### Provided data

═══

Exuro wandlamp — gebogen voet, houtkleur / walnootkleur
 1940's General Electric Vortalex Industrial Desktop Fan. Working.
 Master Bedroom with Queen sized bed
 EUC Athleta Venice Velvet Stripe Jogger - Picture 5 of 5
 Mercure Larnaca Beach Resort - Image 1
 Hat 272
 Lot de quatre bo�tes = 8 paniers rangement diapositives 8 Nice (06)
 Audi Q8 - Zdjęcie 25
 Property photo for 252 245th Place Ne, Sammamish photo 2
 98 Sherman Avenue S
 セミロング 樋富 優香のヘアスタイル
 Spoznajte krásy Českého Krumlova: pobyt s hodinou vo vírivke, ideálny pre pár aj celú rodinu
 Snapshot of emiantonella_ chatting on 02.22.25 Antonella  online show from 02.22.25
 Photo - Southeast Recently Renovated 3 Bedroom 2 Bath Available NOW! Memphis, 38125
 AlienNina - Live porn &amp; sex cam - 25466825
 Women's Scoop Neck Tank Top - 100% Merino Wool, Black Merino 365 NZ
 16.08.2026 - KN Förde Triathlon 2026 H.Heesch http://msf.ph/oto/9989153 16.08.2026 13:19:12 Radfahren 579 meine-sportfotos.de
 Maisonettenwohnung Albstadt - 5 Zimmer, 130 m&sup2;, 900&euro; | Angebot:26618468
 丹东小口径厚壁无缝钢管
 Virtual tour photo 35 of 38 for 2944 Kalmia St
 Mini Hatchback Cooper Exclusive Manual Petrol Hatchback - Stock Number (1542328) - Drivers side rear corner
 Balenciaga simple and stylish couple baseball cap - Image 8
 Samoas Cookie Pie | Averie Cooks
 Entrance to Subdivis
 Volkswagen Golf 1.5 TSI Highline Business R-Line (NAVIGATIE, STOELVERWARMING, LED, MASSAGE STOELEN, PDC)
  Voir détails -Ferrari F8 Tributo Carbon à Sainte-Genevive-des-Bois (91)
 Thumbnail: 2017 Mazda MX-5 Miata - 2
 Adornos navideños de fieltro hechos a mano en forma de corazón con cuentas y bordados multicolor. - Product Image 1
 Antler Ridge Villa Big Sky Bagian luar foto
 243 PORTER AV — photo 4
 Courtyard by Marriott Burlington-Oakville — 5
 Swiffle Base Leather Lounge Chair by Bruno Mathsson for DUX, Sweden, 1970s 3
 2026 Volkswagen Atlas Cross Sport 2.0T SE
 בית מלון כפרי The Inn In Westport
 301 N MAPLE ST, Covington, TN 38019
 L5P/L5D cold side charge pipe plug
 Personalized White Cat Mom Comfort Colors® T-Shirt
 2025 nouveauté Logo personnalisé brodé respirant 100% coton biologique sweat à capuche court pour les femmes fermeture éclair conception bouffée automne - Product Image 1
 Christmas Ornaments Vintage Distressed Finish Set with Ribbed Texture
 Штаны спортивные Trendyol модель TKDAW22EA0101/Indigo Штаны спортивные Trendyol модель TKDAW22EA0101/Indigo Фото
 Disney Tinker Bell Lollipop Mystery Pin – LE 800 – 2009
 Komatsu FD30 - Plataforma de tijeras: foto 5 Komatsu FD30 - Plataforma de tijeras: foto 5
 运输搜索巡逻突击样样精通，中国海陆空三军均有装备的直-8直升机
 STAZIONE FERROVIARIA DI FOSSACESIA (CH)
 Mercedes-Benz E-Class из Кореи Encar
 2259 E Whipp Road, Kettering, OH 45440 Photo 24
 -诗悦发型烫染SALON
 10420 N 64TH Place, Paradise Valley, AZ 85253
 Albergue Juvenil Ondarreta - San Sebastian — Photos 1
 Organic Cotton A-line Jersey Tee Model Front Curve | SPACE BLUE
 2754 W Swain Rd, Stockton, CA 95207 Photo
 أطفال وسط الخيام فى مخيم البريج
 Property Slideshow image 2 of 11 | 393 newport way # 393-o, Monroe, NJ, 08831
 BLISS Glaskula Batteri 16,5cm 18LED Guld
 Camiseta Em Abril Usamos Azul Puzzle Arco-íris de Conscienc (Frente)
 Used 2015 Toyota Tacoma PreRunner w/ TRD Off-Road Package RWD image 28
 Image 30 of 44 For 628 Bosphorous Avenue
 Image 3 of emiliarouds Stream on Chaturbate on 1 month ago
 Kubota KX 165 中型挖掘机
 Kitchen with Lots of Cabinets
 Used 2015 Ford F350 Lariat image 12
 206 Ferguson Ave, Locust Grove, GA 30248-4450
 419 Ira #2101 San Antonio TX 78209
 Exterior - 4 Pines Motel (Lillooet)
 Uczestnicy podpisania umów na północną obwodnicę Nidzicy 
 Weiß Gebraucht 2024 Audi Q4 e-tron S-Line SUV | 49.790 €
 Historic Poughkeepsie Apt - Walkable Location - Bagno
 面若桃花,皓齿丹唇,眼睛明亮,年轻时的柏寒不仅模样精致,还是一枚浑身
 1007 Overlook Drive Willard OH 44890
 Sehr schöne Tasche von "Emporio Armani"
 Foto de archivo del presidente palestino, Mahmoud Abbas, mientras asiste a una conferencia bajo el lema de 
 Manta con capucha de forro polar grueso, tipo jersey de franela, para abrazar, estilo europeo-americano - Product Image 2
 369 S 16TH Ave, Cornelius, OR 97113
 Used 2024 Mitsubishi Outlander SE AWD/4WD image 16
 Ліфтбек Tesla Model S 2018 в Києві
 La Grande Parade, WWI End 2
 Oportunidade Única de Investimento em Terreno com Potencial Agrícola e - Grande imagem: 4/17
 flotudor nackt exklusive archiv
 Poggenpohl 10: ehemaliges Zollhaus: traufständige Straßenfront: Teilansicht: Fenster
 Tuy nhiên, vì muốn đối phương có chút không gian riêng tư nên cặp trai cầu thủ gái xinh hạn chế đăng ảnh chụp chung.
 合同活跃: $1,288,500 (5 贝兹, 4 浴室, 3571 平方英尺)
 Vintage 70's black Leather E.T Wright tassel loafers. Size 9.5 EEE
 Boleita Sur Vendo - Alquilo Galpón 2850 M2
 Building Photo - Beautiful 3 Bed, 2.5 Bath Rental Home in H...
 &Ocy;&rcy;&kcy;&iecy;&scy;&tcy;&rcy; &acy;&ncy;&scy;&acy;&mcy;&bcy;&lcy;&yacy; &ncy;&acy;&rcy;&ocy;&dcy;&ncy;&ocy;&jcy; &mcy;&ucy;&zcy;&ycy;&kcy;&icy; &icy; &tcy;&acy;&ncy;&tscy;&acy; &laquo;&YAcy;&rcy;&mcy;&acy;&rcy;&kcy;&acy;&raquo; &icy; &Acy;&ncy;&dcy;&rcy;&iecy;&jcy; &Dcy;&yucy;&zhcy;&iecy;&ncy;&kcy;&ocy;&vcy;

═══

### What is expected
Above are the entries. Copy exactly the part that opens with the line containing "Personalized White Cat" and closes with the line containing "Disney Tinker Bell", and no more.

### Task output
 Personalized White Cat Mom Comfort Colors® T-Shirt
 2025 nouveauté Logo personnalisé brodé respirant 100% coton biologique sweat à capuche court pour les femmes fermeture éclair conception bouffée automne - Product Image 1
 Christmas Ornaments Vintage Distressed Finish Set with Ribbed Texture
 Штаны спортивные Trendyol модель TKDAW22EA0101/Indigo Штаны спортивные Trendyol модель TKDAW22EA0101/Indigo Фото
 Disney Tinker Bell Lollipop Mystery Pin – LE 800 – 2009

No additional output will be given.